A number of people said no, you don't have to use squares, and suggested that other shapes such as regular polygons would work. A couple of people showed that you could use hexagons, and proved it, but their answers weren't general enough - the key here is that you can use any shape you want, as long as the shapes on the three sides are similar ! Thomas and Brian both got that idea in; Thomas actually said similar shapes, and Brian said shapes with proportional lengths. So you could really say the proof says that, given similar shapes on all the edges, the area of the shape on one leg plus the area of the shape on the other leg equals the area of the shape on the hypotenuse. You can check this out in Sketchpad or something - it is pretty cool!
A lot of people said that squares are used because they are easiest, and that's certainly true - the area of a square looks just like the terms we are used to seeing in the Pythagorean Theorem, so this makes it really convenient.
If you come across a problem like this, and you determine that other shapes will work, try to figure out what those other shapes might look like, or what limitations there might be. While you might find a couple that work, see if you can find any that don't, and hence narrow things down a bit.
From: Thomas S. Kuo
Email: ssusd2@owens.ridgecrest.ca.us
School: Murray Junior High School, Ridgecrest, California
Grade: 7th
(1) We don't have to use squares to prove the Pythagorean Theorem.
(2) Hexagons or other shapes could be used too.
For a regular hexagon with side a:
*
* * * * * * *
* * * * * *
* * * * * *
* * * * * *
* * * * * * * * * a * * c
* * * * * *
* * * * * *
* * * * * *
* * * * * * * * * * *
a b
The hexagon is formed by six congruent equilateral triangles. Each
triangle has side a and height (sqrt(3)/2) * a. Then the area of a
triangle is (1/2)*(a)*(sqrt(3)*a/2) = (a^2) * sqrt(3)/4. The area of the
hexagon is 6 * (a^2) * sqrt(3)/4 = (a^2) * 3 * sqrt(3) / 2.

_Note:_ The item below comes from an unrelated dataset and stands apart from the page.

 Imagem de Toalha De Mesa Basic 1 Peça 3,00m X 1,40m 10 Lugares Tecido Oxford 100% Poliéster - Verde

Let a, b and c are three side of a right triangle as shown. When we
form three hexagons with side a, b, and c , their areas will be
(a^2) * 3 * sqrt(3) / 2, (b^2) * 3 * sqrt(3) / 2, and
(c^2) * 3 * sqrt(3) / 2, respectively. Now I have to check out if the
sum of areas of the first two is equal to that of the third one. After we
cancel out the common factor, we have only a^2, b^2 and c^2 left and
the relationship a^2 + b^2 = c^2 still holds.
The conclusion is that we can prove the Pythagorean Theorem by using
hexagons. It is also true if other shapes are used. The fact is that
as long as we use similar shapes with side a, b, and c, their areas will
have ratio of a^2, b^2, and c^2. After cancelling out the common factor,
it can be simplified to a^2 + b^2 = c^2.
(3) I believe that the reason to use squares in the proof is due to the fact
that it is the most direct and easiest method.
*****************************************************
From: Brian Gordon
Grade: 1992
School: Dartmouth
I have an answer for the bonus. It's James Garfield, right? I
believe the proof is like this:
|\
b | \ c
|__\
a
Paste two copies of this triangle together and connect the other
acute vertices to make a trapezoid like this:
a
____
| /*
b | /c *
|/ *
|`-c_ *
a |____\*
b
Now....
the area of the trapezoid= 1/2 * height * sum of bases
= 1/2 * (a+b) * (a+b)
The areas of the triangles are:
1. 1/2 * a * b
2. 1/2 * a * b
3. 1/2 * c * c because they meet at a right angle. This can be
shown by noting that the straight angle that is the left side
of the trapezoid is made up of two complementary angles (from
the two congruent right triangles) and the angle of the two
sides of length c (which is then 180 - 90 = 90).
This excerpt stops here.